Let me guess: no kids, haven't lived in your place very long, don't know your neighbors, don't have family nearby, don't live in a city with substantial pressure on housing, and you make over the median income.
> You might be able to raise rates a few percent, but you can't just move them significantly above market.
That you can't imagine something doesn't always mean it's not possible. It can mean the world is more complex than you expect.
I'm glad that you have such an easy and comfortable life that moving is no big deal, but that's just not true for everyone on the planet.
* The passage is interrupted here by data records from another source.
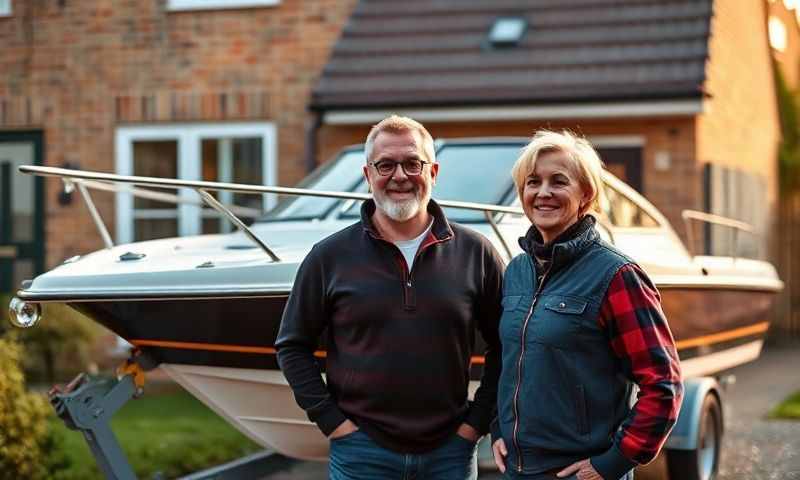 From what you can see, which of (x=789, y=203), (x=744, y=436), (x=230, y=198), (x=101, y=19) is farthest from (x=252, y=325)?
(x=789, y=203)

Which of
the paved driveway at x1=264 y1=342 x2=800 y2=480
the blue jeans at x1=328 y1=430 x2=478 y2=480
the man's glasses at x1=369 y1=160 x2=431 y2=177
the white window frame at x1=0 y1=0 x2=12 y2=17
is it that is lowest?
the paved driveway at x1=264 y1=342 x2=800 y2=480

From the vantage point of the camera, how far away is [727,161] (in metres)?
12.8

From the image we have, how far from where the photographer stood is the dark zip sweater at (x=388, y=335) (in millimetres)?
3453

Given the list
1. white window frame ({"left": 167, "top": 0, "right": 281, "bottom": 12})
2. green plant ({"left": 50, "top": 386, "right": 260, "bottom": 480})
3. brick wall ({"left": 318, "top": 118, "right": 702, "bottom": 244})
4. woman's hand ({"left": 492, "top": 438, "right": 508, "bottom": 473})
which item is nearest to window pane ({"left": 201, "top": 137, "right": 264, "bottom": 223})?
white window frame ({"left": 167, "top": 0, "right": 281, "bottom": 12})

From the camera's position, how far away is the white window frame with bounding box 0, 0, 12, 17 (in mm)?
13398

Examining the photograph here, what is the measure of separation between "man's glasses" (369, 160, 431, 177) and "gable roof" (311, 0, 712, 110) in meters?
7.46

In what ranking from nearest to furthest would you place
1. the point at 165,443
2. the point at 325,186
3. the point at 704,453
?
the point at 704,453 < the point at 325,186 < the point at 165,443

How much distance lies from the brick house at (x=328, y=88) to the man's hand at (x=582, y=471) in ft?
26.0

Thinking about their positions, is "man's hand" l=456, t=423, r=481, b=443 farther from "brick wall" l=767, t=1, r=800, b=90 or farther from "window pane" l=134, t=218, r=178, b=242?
"brick wall" l=767, t=1, r=800, b=90

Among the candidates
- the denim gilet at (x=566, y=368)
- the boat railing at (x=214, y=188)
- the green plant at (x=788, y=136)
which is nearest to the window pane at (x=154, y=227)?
the boat railing at (x=214, y=188)

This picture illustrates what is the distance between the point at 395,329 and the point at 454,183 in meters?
3.16

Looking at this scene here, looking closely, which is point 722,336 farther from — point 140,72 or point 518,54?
point 140,72

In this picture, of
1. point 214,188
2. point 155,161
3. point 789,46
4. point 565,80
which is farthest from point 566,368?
point 789,46

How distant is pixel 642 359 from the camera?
3.10m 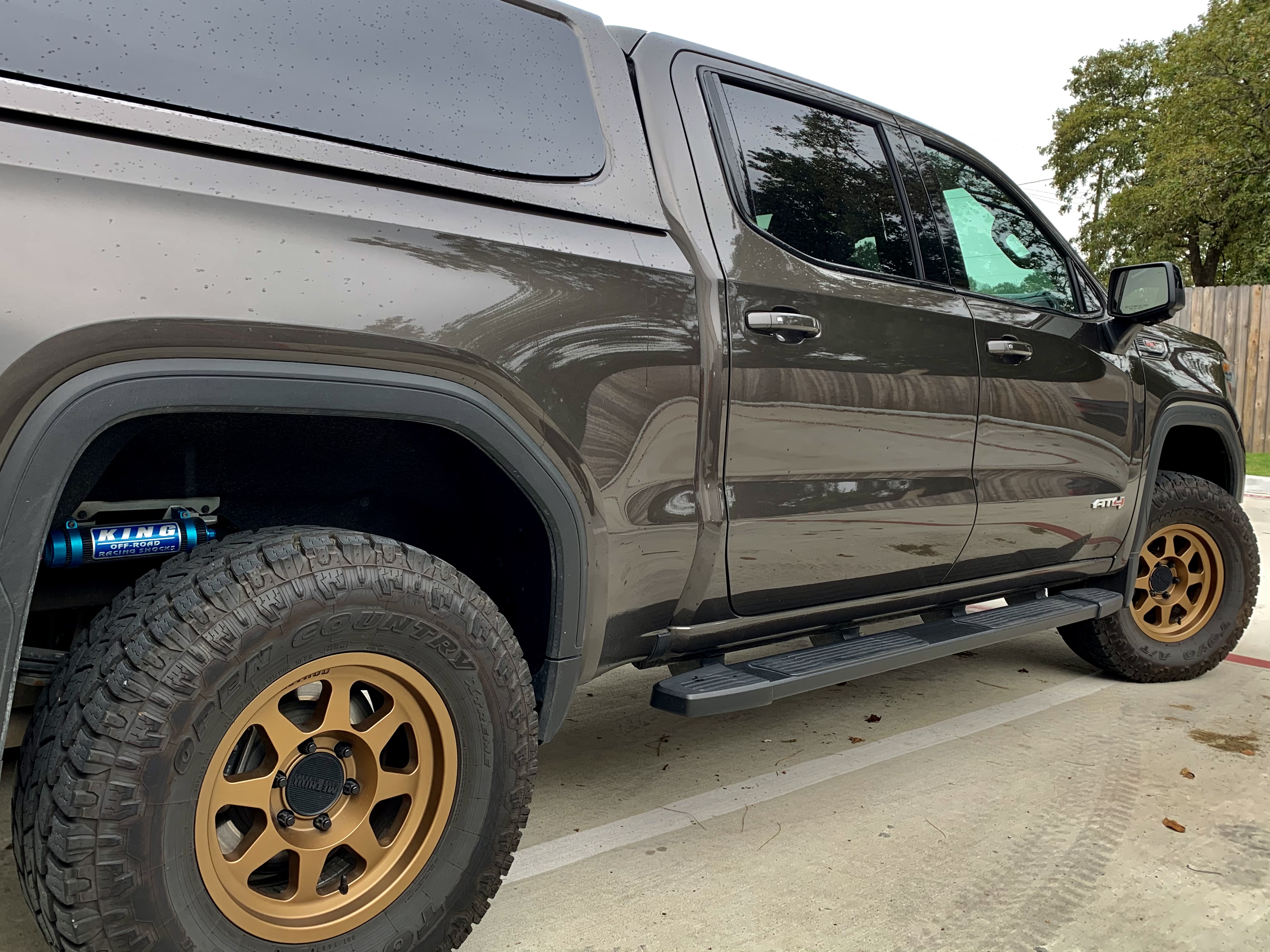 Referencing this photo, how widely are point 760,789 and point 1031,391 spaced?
1.56 meters

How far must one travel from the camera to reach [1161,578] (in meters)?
4.13

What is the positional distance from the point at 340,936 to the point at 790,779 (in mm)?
1660

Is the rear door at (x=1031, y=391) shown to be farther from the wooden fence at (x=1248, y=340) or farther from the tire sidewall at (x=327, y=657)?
the wooden fence at (x=1248, y=340)

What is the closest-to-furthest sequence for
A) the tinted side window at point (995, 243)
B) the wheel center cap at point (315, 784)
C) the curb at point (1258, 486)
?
the wheel center cap at point (315, 784) < the tinted side window at point (995, 243) < the curb at point (1258, 486)

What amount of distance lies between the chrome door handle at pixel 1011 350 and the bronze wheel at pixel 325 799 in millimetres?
2113

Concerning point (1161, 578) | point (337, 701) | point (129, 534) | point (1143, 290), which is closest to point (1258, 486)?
point (1161, 578)

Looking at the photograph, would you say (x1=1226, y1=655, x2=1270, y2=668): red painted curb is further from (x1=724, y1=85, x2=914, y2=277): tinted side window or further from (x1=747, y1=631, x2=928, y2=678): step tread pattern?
(x1=724, y1=85, x2=914, y2=277): tinted side window

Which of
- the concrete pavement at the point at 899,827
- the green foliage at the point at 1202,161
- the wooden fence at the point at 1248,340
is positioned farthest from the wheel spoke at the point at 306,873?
the green foliage at the point at 1202,161

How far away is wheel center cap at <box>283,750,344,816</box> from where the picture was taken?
Answer: 5.75ft

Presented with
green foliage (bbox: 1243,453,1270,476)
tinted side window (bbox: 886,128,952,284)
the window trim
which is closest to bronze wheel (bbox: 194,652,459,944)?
the window trim

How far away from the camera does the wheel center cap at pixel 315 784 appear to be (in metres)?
1.75

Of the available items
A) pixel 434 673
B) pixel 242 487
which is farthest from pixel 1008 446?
pixel 242 487

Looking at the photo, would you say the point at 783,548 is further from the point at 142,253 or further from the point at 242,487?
the point at 142,253

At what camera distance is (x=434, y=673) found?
1845 millimetres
Let's see. I moved last summer, from a place I lived in for seven years. Check. I'm married, kid on the way, I knew my neighbors, and I have family nearby. You were so close. (I do make over the median income, so you did get that one.)
If your landlord raises their rates to double the market value, move. If you don't, that just means you're doing it wrong.
So you're telling me that in one weekend with one truck, you packed everything for a family, moved it, unpacked it, and had total expenses of a few hundred bucks? Congrats on being a minimalist. When I see most people do it, though, they take a couple of months of spare time to prep and months more to get everything situated and recover.
Yes, sure, if the rent is doubled, one should probably move despite the hassle. But the point is that landlords can take advantage of the asymmetry in cost/difficulty of changing places to hike rents. Nobody would move because the landlord was charging them $1/yr above what they could pay elsewhere. Most would move if it were double. The landlord's advantage is somewhere in between.
Most people don't have $12,500 sitting around in the bank, or often even enough to rent a truck for the weekend. Some people work multiple jobs and can't even carve out a full day to move houses. Some people aren't in the best physical health (due to age or disability) and cannot actually move their own stuff.
You've described the typical SF tech worker and decided that everyone is like that. Might want to broaden your horizons a bit.
Regardless, you don't get the security deposit back until a few weeks after you've moved out. Never seen a truck rental or moving company who is all like "sure, you can pay us in a month". A bit of a chicken-and-egg problem, there.
I need to be a landlord because my other mortgage is so far underwater I could either foreclose and not be able to buy a suitable place for my family, or be a landlord and be able to pay both mortgages. It seems there would be people around to criticize me no matter which option I chose.